MySQL과 다른 SQL 방언의 구문의 차이점은 무엇입니까?Apr 27, 2025 am 12:26 AM

mysqldiffersfromothersqldialectsinsyntaxforlimit, 자동 점유, 문자열 comparison, 하위 쿼리 및 퍼포먼스 앤 알리 분석 .1) mysqluse Slimit, whilesqlSerVerusestOpandoracleSrownum.2) MySql'Sauto_incrementContrastSwithPostgresql'serialandoracle '

MySQL 파티셔닝이란 무엇입니까?Apr 27, 2025 am 12:23 AM

MySQL 파티셔닝은 성능을 향상시키고 유지 보수를 단순화합니다. 1) 큰 테이블을 특정 기준 (예 : 날짜 범위)으로 작은 조각으로 나누고, 2) 데이터를 독립적 인 파일로 물리적으로 나눌 수 있습니다.

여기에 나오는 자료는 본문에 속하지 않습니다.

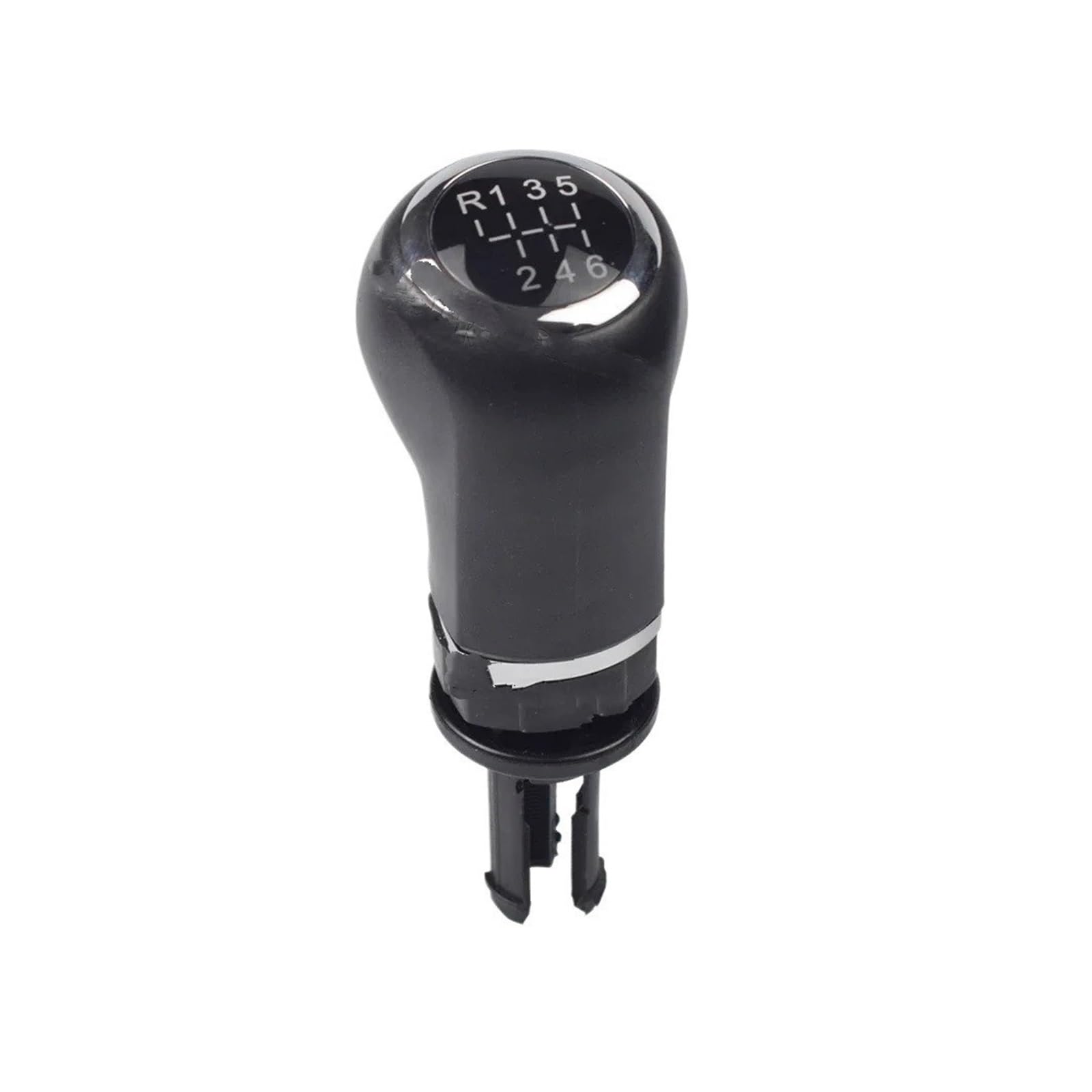 Grozzy Universal Shifter Handle Manual 5/6Speed Car Gear Shift Knob Stick Lever Handball with Leather Gaiter Boot Cover for OPEL for Vauxhall for Corsa(6Speed)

MySQL에서 어떻게 권한을 부여하고 취소합니까?Apr 27, 2025 am 12:21 AM

MySQL에서 권한을 부여하고 취소하는 방법은 무엇입니까? 1. 보조금 명세서를 사용하여 grantallprivilegesondatabase_name.to'username'@'host '와 같은 부여 권한; 2. Revoke 문을 사용하여 Revokeallprivilegesondatabase_name.from'username'@'host '와 같은 권한을 취소하여 허가 변경의 적시에 의사 소통을 보장하십시오.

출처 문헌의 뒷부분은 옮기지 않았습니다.